Ian Lockwood, a geography teacher in an international school here who spent most of his formative years in and around the Palani hills in Tamil Nadu, has found a similar object of passion in Sri Lanka — the Adam's Peak (Sri Pada).
He moved to Sri Lanka after the 2004 tsunami and started teaching at the Overseas School of Colombo. Since then, he has set apart time every year to climb the 2,243-metre Adam's Peak.
His photo exhibition at the Barefoot Gallery here, ‘ Paths to the Peak, Ecology, landscape and Culture on Sri Lanka's Sacred Mountain,' is the best of his collection over seven years. (Some of the pictures and an article on the significance of the mountain can be accessed in the June 3, 2011 edition of Frontline magazine.)
“The mountain had captivated my imagination long before I came to live in Sri Lanka,” Mr. Lockwood says. “I had read accounts of the significance and the different pilgrimages of Sri Pada. The Peak and the Central Highlands share a natural link with a range of mountains only a short flight way across the seas.”
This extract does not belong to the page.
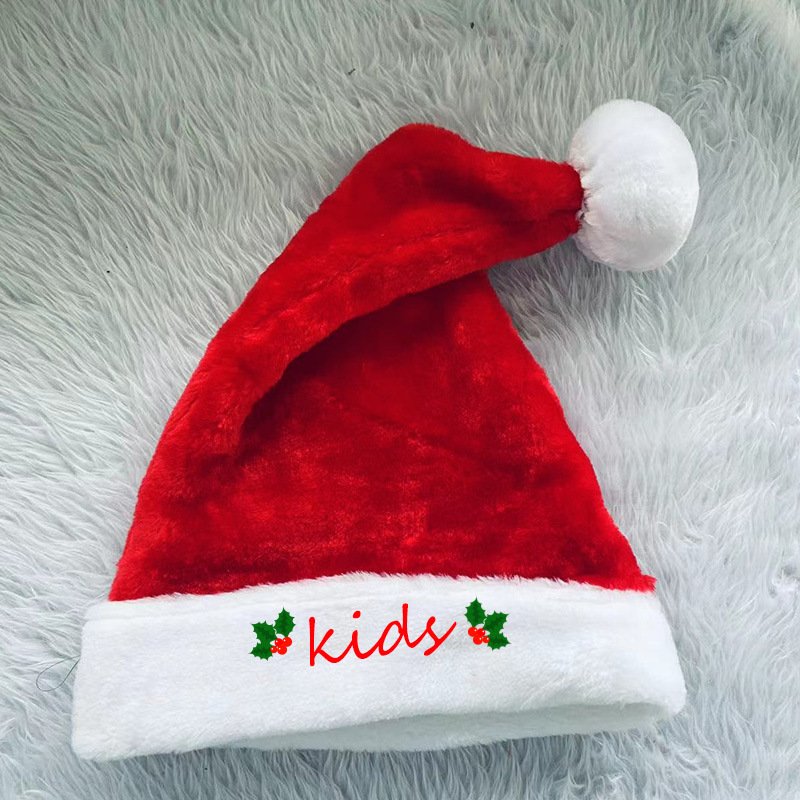 3 Pieces Family Christmas Santa Hats Buffalo Plaid Holiday Hat for Christmas Party Supplies - Image 4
The similarities in the flora and fauna of the south Western Ghats in India (the region from the Nilgiris to Kanyakumari) and the mountain ranges in Sri Lanka have to be seen to be believed.
Says Mr. Lockwood: “I have been photographing the Palani hills from the time I was young. The first thing that stuck me was the striking similarities.”
Mr. Lockwood studied at an international school at Kodaikanal before moving to the United States to join an undergraduate course. He wants the world to benefit from his experience. So he makes it a point of taking interested groups of students once a year up Sri Pada. An avid conservationist and bird watcher, he wants to instil the spirit of conservation in the younger generation. His aim: raise the level of awareness of biodiversity issues across the region.